#### Data provided

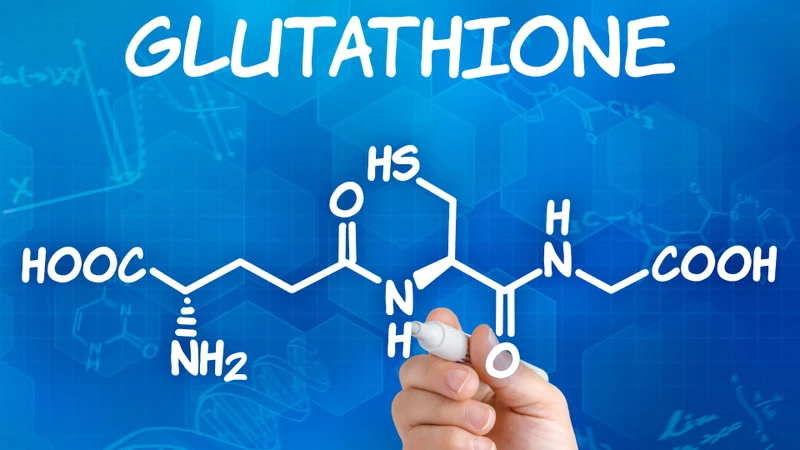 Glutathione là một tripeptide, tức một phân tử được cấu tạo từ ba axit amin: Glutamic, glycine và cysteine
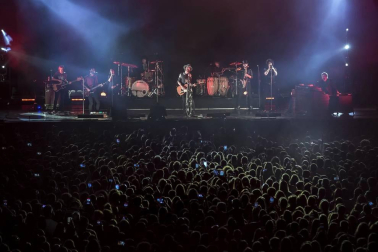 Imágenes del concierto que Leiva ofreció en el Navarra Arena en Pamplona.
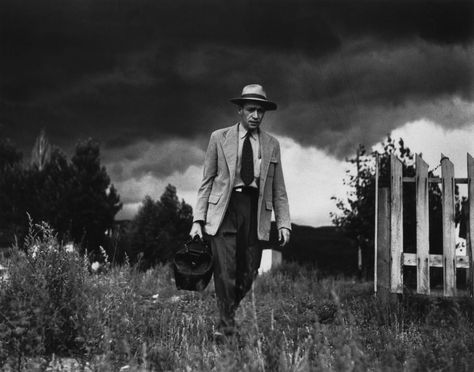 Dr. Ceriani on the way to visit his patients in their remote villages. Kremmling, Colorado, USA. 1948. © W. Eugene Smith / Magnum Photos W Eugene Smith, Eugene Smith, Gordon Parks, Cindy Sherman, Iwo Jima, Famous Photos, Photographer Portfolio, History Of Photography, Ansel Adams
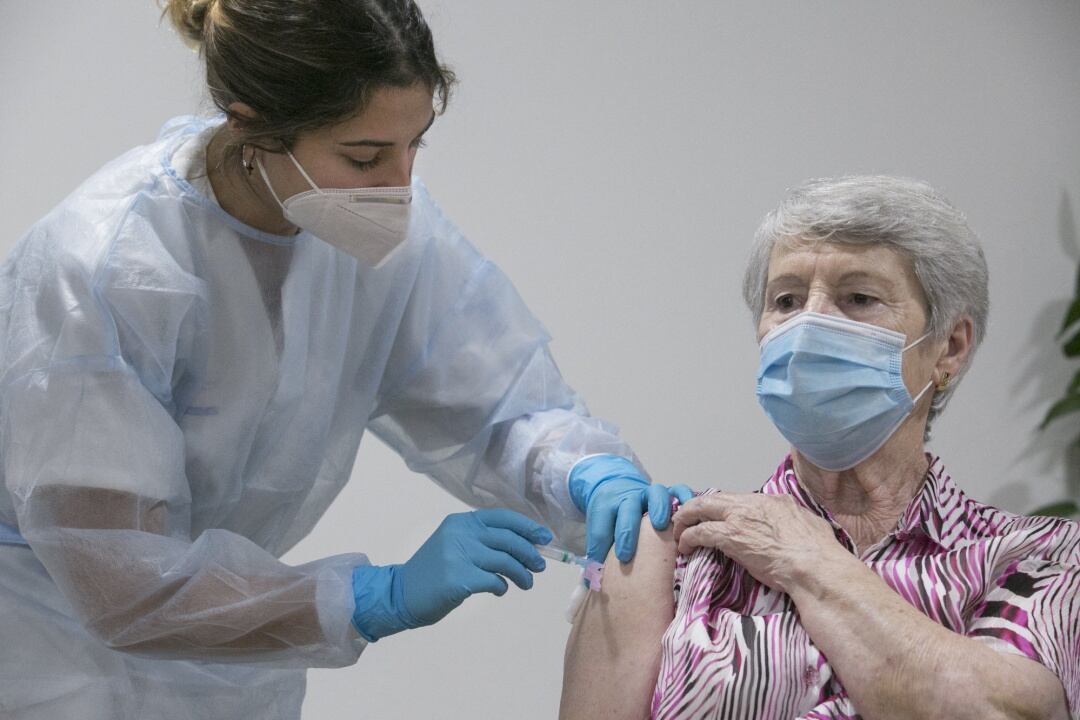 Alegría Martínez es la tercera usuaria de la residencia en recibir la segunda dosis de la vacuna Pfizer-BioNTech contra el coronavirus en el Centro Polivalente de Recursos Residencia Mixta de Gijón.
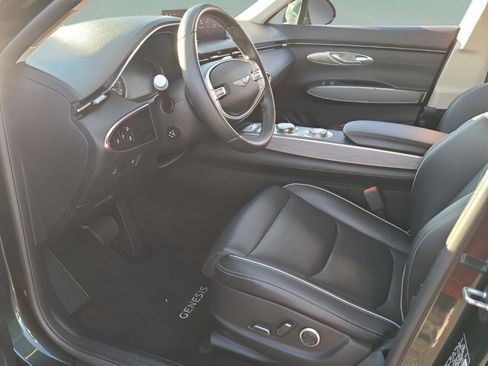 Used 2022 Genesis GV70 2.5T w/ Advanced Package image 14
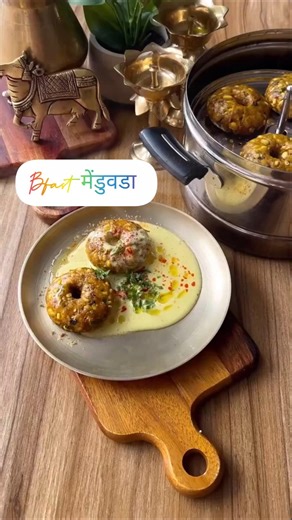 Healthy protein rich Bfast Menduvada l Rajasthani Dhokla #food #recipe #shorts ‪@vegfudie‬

########
#### Data provided

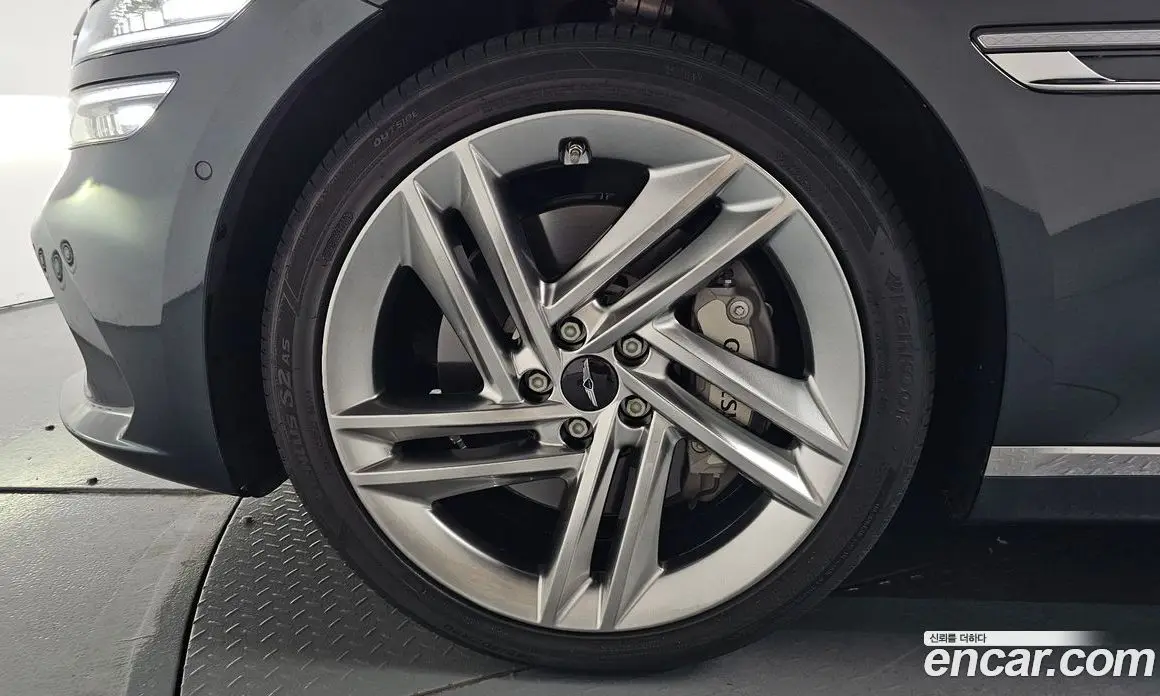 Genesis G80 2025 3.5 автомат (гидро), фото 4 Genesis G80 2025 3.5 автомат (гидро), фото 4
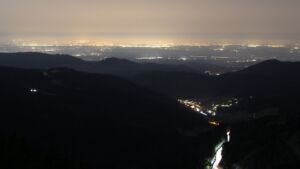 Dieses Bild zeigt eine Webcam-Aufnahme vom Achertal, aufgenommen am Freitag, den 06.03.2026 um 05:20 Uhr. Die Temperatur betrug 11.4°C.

########
#### Data provided

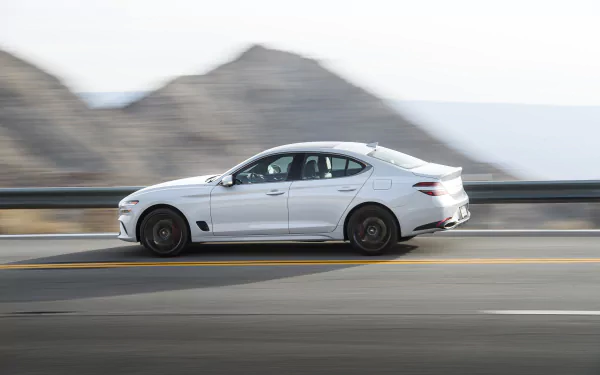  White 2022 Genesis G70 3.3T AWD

########

** Exercise aim **
Using the data above, return the lines from the one holding "Used 2022 Genesis" through the one holding "Healthy protein rich" exactly, but not the pictures.

** Response for this exercise **
 Used 2022 Genesis GV70 2.5T w/ Advanced Package image 14
 Healthy protein rich Bfast Menduvada l Rajasthani Dhokla #food #recipe #shorts ‪@vegfudie‬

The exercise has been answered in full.